Ainsi, des règles spécifiques ont été adoptées pour les modèles de base, grands systèmes capables d'exécuter avec compétence un large éventail de tâches spécifiques, telles que la production de vidéos, de textes, d'images, la conversation en langage naturel, le calcul ou la production de code informatique. L'accord provisoire prévoit que les modèles de base doivent se conformer à des obligations de transparence spécifiques avant d'être mis sur le marché. En outre, un régime plus strict a été introduit pour les modèles de base « à fort impact ». Il s'agit de modèles de fondation formés à partir d'un grand nombre de données et dotés d'une complexité, de capacités et de performances bien supérieures à la moyenne, qui peuvent entraîner des risques systémiques tout au long de la chaîne de valeur.

Et maintenant ?

L’accord qui vient d’être trouvé doit à présent être formellement approuvé par le Parlement et la Commission européenne. Le règlement entrera en vigueur vingt jours après sa publication au Journal officiel, puis en application deux ans plus tard “à l’exception de certaines dispositions particulières : les interdictions s’appliqueront déjà après six mois, tandis que les règles relatives à l’IA à usage général s'appliqueront après douze mois”, précise le communiqué de la Commission. Un nouvel Office européen de l'IA au sein de la Commission européenne aura pour mission d’assurer la coordination sur le plan européen et la mise en œuvre des futures règles. L’IA Act se distingue également des autres réglementations concernant l’IA en ce qu’il permet d’infliger des amendes importantes. Celles-ci peuvent osciller entre 7,5 millions d’euros ou 1,5 % du chiffre d’affaires et 35 millions d’euros ou 7 % du chiffre d’affaires mondial, en fonction de l’infraction et de la taille de l’entreprise en cas de non-respect du règlement.

Quoi qu’il en soit, les critères retenus seront nécessairement affinés lorsque mis en œuvre et confrontés à la réalité du secteur. Pour France Digitale, association qui vise à faire émerger des champions européens du numérique : « les négociations ne sont pas finies, et nous entendons participer aux prochaines réunions de travail pour qualifier la pertinence des critères retenus ».

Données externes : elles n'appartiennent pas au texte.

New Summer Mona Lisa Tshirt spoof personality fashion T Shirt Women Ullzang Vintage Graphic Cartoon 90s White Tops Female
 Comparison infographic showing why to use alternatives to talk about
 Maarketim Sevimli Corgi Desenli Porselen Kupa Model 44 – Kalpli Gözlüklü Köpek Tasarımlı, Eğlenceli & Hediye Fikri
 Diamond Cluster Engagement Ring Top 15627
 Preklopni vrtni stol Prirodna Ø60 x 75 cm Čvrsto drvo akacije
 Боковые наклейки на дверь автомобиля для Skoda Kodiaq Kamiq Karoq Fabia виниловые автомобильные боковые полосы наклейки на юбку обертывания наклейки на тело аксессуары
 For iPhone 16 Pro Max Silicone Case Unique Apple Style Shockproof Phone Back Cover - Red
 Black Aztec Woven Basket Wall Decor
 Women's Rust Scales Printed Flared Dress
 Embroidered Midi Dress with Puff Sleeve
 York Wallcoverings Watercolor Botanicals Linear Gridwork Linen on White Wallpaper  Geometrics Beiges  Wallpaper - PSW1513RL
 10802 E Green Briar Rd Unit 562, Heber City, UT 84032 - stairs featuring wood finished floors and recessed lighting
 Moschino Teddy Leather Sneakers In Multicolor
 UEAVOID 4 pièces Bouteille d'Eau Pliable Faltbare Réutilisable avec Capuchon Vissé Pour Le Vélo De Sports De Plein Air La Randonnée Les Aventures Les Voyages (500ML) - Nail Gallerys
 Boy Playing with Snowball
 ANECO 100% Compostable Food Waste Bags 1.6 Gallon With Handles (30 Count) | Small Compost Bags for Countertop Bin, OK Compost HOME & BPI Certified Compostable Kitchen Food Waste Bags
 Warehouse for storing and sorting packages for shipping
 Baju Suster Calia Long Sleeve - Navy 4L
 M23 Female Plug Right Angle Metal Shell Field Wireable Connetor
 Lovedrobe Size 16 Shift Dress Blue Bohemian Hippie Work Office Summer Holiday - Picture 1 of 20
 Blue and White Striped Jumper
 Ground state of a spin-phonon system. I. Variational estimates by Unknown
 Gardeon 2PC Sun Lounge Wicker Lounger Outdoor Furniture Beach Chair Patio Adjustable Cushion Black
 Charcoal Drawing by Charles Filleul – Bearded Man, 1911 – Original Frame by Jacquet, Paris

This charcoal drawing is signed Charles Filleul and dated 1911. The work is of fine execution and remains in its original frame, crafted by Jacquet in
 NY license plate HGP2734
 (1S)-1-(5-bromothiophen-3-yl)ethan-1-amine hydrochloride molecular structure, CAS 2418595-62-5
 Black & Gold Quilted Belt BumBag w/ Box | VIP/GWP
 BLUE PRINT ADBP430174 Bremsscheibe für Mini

En effet, du côté des principaux lobbys du secteur de la technologie, la réaction apparait plutôt contrariée tandis que du côté de la Commission l’on se félicite de l’adoption de l’IA Act comme d’une « rampe de lancement des start-ups et de chercheurs de l'UE pour mener la course mondiale à l'IA digne de confiance ».

Alors, l’IA Act, rampe de lancement pour licornes ou entrave bureaucratique au développement technologique ? Pour l’heure la réglementation ne parait pas effrayer les investisseurs outre mesure. Deux jours après l’accord sur l’IA Act, Mistral AI, start-up française qui souhaite rivaliser avec les plus grandes entreprises du domaine, a annoncé une levée de fonds de 385 millions de dollars, la valorisant ainsi à près de deux milliards de dollars.


[1]
Le centre de recherche sur les modèles de base (CRFM) du Stanford Institute for Human-Centered Artificial Intelligence (HAI) a inventé le terme de modèle de fondation pour désigner « tout modèle entraîné sur un gros volume de données (généralement en utilisant l'apprentissage auto-supervisé à grande échelle sur des données non annotées) qui peut être adapté (« fine tuning ») à un large éventail de tâches en aval » (Rishi Bommasani, Drew A. Hudson, Ehsan Adeli et Russ Altman, « On the Opportunities and Risks of Foundation Models », arXiv:2108.07258 [cs]).